摘要:本文简要评析了中国技术创新研究中的某些理论观点,重新思考了中国技术创新问题的实质。通过对技术决定论与制度决定论之争的分析,揭示了在社会转型期,进行制度创新的重要性,认为目前迫切需要运用理性选择的研究方法,开展企业制度创新与技术创新的互动研究。
关键词:技术创新 制度创新 技术决定论 制度决定论
加速科技进步,转换经济增长方式,提高经济增长质量,真正使科学技术发挥出“第一生产力”的作用,已经成为我国跨世纪持续高速发展的战略性共识。但要把上述战略认识切实变为可操作的步骤、可实施的进程和可期待的效果,还有许多问题需要作更加深入的探讨。其中,关于技术创新与制度创新相互关系的研究是一个十分重要的课题。
1.理论、现实与问题
1.1 技术创新研究的情况
国内关于技术创新的研究,兴起于八十年代中期。创新问题的提出并得到广泛关注,是基于下述几点认识:[(1)][(2)]

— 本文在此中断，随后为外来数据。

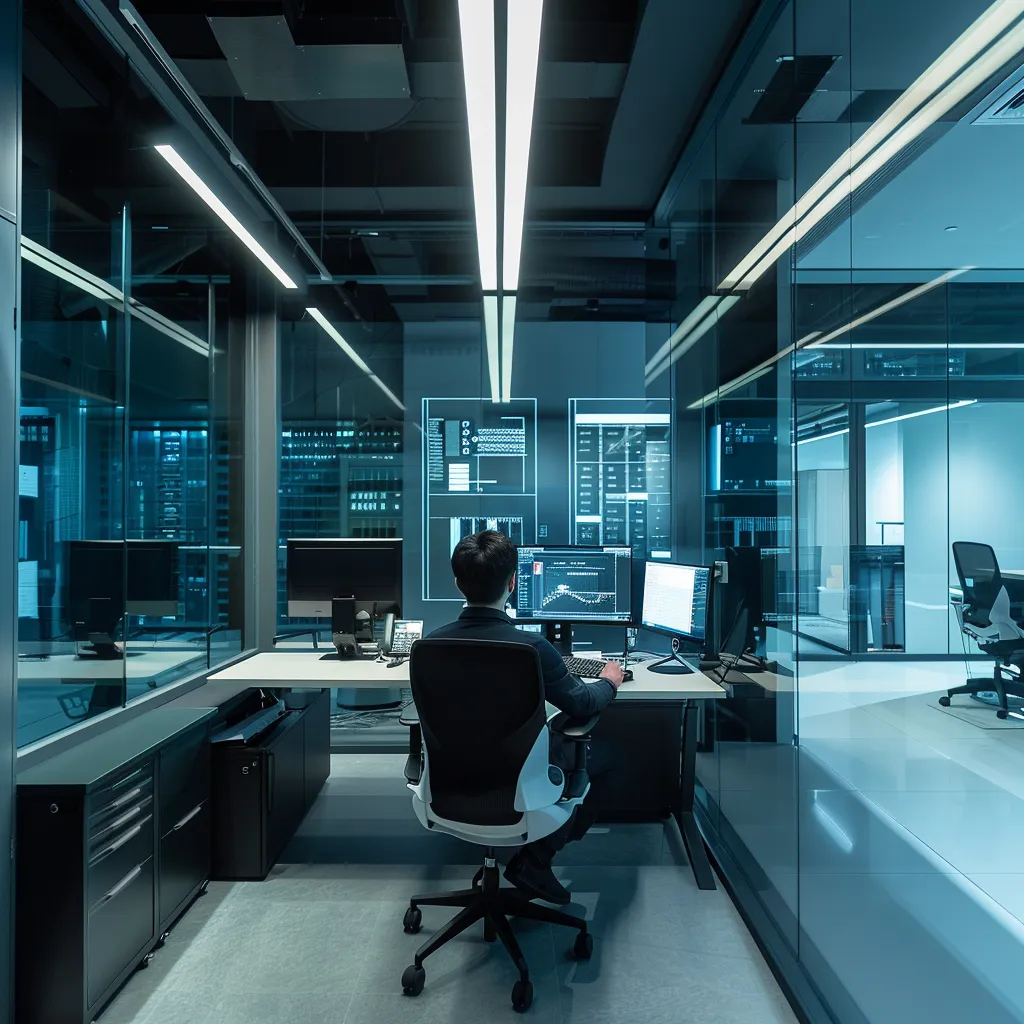 un bureau moderne, épuré et professionnel, où une personne absorbée par son ordinateur interagit avec un logiciel de génération de voix, mettant en avant une interface claire et intuitive d'un outil d'intelligence artificielle pour la synthèse vocale.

(1)中国的经济增长质量不高。建国以来我国经济的增长主要靠资本和劳动的投入,而科技进步的贡献甚微。这和西方发达国家相比,已形成鲜明的差距。
(2)在中国的科技发展水平和经济发展水平之间似乎存在着某种反差。换句话说,我国经济发展水平在世界上的排位较之我国科技发展水平在世界上的排位,要显得相对滞后。
(3)“滞后”的原因在于科技和经济的相互分离,以及科技系统内部、经济系统内部的条块分割。
(4)根据国情和世界发展趋势必须进行科技体制和经济体制的改革,以形成“科技进步面向经济建设,经济建设依靠科技进步”的机制,从而使科技真正发挥出“第一生产力”的作用。
(5)技术创新是连结科技与经济的“桥梁”。而技术创新的研究就是去寻找“架桥”的理论与方法,并进行“桥梁”的设计和建造。
(6)技术创新将涉及方方面面的问题,它是产、学、研协同的结果。
据此,有关技术创新的研究已成“常规科学”,文献浩繁。[(3)][(4)][(5)]研究者对技术创新的运行机制、动力与激励机制、风险分担机制、信息反馈机制,以及技术创新能力、技术创新管理及相关政策环境等问题都进行过富有价值的探讨。与此同时,在中国兴起了一股组织创新热潮,一大批科技园区、开发区、中试基地、创业中心、工程研究中心、企业R&D机构等应运而生。于是,有关这些新机构的“机制”、“风险”、“能力”、“管理”和“政策”的研究,又得以进一步展开。[(6)]这些实证的与规范的研究已为各级决策部门提供了诸多有用的政策依据。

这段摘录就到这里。